Honourable Mr Vice President, Dr Phillip Isdory Nzabayanga Mpango, greetings from this part of Tanzania! With due respect, allow me, in the first place, to congratulate you for becoming our Vice President. That is a well-earned position given your hard work in the five years you served under the Fifth Phase Administration. The first five-year term as Minister for Finance and Planning only builds on your excellent work as Executive Secretary, President’s Office – Planning Commission, where you had the first-hand experience to learn about the practical side of the country’s economy. I must say, one academic association invited me to write about the legacy of the late Dr John Pombe Joseph Magufuli. One thing I highlighted was that the Bulldozer will be remembered for putting trust in professionals and intellectuals. You are one of those very few intellectuals who had the late President’s trust, and no one can dispute the excellent work you have done for this country except your insolent political rivals.

However, it was you, Mr Vice President, who informed us through the media and in one of your speeches that the World Bank Report of July 2020 has declared Tanzania a middle-income country with a per capita GNI of US$ 1,121. As a permanent student of the international political economy, like any other well-wisher for the betterment of Tanzania, I was elated by the news. Unfortunately, I didn’t manage to get hold of the World Bank report. However, this narrative was a key campaign message in favour of the late Dr Magufuli when he was running for the second term to the oval office. The same message was echoed by the Secretary-General of the United Nations, Antonio Guterres and other distinguished diplomats in the General Assembly’s 59th plenary meeting at the 75th session dedicated to paying tribute to the memory of the late Dr Magufuli. A few weeks ago, when I discussed this very same topic with my students, the question on Tanzania’s current economic status emerged. Have we really graduated?
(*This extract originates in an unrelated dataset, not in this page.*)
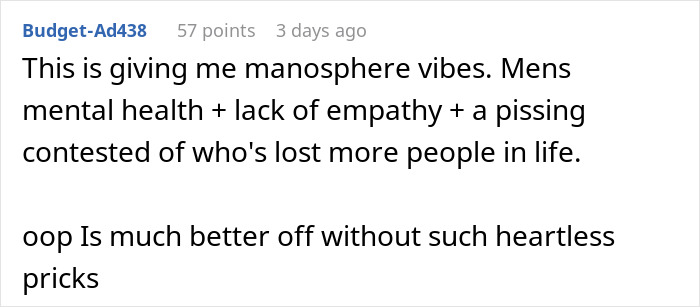 "Life Still Carries On": Mental Health Worker Refuses To Give Day Off To Man Putting Down Sick Pet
It is common knowledge that Tanzania was initially included in the Least Developed Countries Group (LDCs) group in 1971.  It was among the 16 countries that the Committee for Development Policy (CDP) in its report of the 7th session recommended to be classified as LDCs. The list of LDCs is reviewed every three years by the CDP, a group of independent experts reporting to the United Nations Economic and Social Council (ECOSOC). The CDP, in its report to ECOSOC, may recommend countries for addition to, or graduation from, the list of LDCs.

Some key criteria 

It is probably imperative at this juncture to remind you of the criteria used by the CDP to review LDCs. This brief article will present some comparative data for reviews of both 2018 and 2021, following the updated version on the United Nations website. There are three criteria: The Gross National Income (GNI) per capita represents the value produced by a country’s economy in a given year divided to its population. According to the 2018 review, Tanzania had the GNI per capita of US$ 902, but in 2021 it has increased the value to US$ 1,031, way above the threshold for being included in the LDC group, which is US$1,018. However, the threshold for graduation is US$ 1,222, which Tanzania is yet to achieve. Countries can graduate by the income only criterion, but it has to be US$ 2,444, which is still a tall order for our situation.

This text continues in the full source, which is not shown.